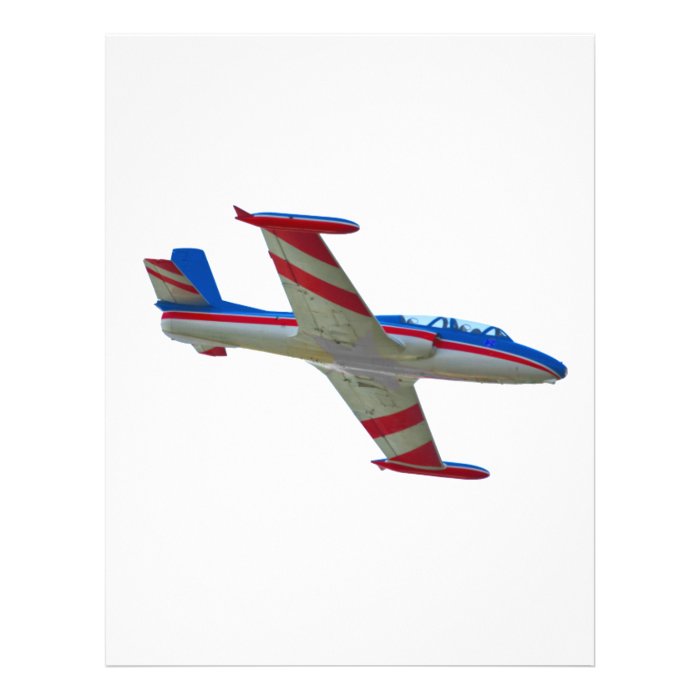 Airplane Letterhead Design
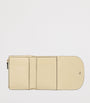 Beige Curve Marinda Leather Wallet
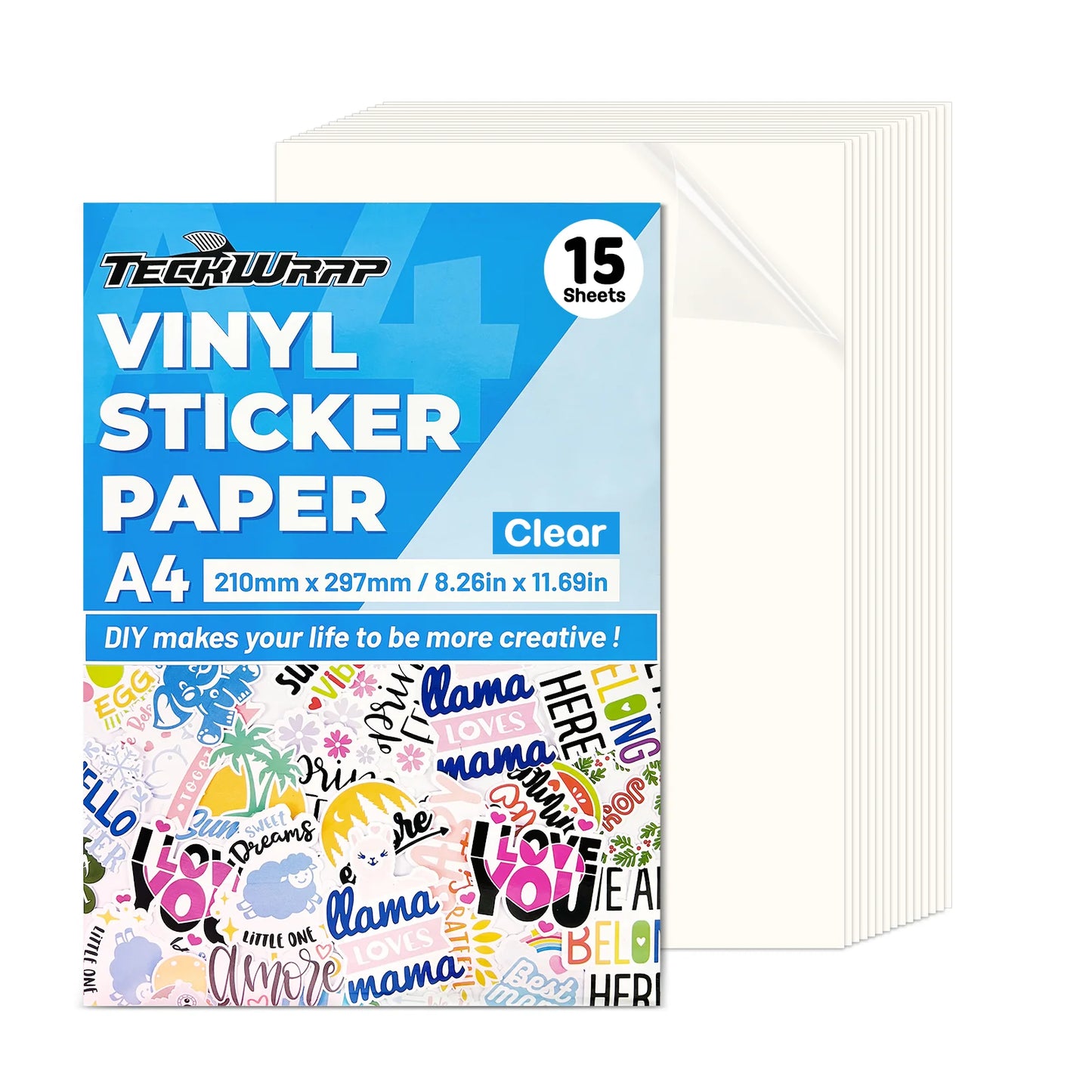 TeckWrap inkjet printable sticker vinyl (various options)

########

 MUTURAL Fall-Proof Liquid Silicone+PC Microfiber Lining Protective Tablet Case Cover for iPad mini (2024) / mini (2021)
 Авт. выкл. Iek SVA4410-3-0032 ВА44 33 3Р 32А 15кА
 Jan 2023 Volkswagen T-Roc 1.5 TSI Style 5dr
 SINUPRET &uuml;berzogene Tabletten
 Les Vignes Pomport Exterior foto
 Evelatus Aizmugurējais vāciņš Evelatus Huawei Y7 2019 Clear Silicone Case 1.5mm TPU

########

**Exercise goal:**
Which lines in the entries above contain "Silicone"? Pull each of them out.

**Solution for this exercise:**
 MUTURAL Fall-Proof Liquid Silicone+PC Microfiber Lining Protective Tablet Case Cover for iPad mini (2024) / mini (2021)
 Evelatus Aizmugurējais vāciņš Evelatus Huawei Y7 2019 Clear Silicone Case 1.5mm TPU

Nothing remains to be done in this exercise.